In an age in which the majority of the world’s population is urbanized, cities are more than ever becoming focal sites of social change. Multiple economic and political strategies, employed by a variety of individual and collective actors, on a number of scales, constitute cities as contested spaces that hold opportunities as well as restrictions for their inhabitants. Since the beginning of the 21st century and even more so in the process and aftermath of the financial crisis of 2008, we observe the acceleration of endeavours by various social elites trying to label and brand cities as ‚successful’, ‚smart’ and ‚resilient’. On national and global scale an inter-urban competition has emerged that is changing urban landscapes and is having profound impacts on the life-chances of city inhabitants. This restructuring of cities is associated with ongoing processes of deindustrialisation, financialisation, and possibly, de-democratisation. However, cities are also the very spaces of protest, resistance and alternatives towards these transformations. With supra- and sub-national scales gaining importance and relevance, the city thus still holds opportunities for emancipation, alternative ways of living, and societal critique.

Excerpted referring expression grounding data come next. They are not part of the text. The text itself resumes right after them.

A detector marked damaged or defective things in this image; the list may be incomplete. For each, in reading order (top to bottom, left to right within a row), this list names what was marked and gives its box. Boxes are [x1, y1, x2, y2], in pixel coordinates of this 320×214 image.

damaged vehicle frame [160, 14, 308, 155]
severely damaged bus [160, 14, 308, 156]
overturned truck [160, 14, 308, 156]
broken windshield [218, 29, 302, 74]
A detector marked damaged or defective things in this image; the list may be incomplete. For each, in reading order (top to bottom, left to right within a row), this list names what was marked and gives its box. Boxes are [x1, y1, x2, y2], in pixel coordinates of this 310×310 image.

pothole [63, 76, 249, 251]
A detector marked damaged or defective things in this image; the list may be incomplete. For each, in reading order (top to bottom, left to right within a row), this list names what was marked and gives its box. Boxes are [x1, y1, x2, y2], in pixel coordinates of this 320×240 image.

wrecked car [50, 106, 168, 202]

Cities and urban spaces have long been of central concern for sociology and sociological theory. Today, classical sociological questions about the city acquire new meaning: Are cities spaces of emanicipation, or do we observe a corrosion of citizenship rights that characterizes life in the modern city? Is the city the focus of societal transformation processes in urban environments or do they lose importance in shaping social reality and economic relationships? Furthermore, new questions urgently need to be asked: What is the impact of different historical phenomena such as neoliberal restructuring, financial and economic crises, or migration flows on the structure of contemporary cities as well as on the citizenship-rights of city inhabitants?

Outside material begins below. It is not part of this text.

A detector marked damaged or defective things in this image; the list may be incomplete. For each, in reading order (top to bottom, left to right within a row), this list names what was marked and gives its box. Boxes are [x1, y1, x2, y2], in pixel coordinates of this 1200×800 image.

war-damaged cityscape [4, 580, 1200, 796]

For the conference „Successful Cities – Crises of Citizenship“ we bring together researchers from different disciplines and sub-fields to engage in a discussion on the current transformations of cities and their implications for an understanding of urban success, participation, quality of life and social cohesion. Combining and contrasting perspectives from political economy, sociology, (urban) geography, political sciences and law, the conference aims at analysing processes in and around cities in a critical manner, examining the power relations underneath and within different urban dynamics, and developing a rich and thorough understanding of contemporary urban Citizenship.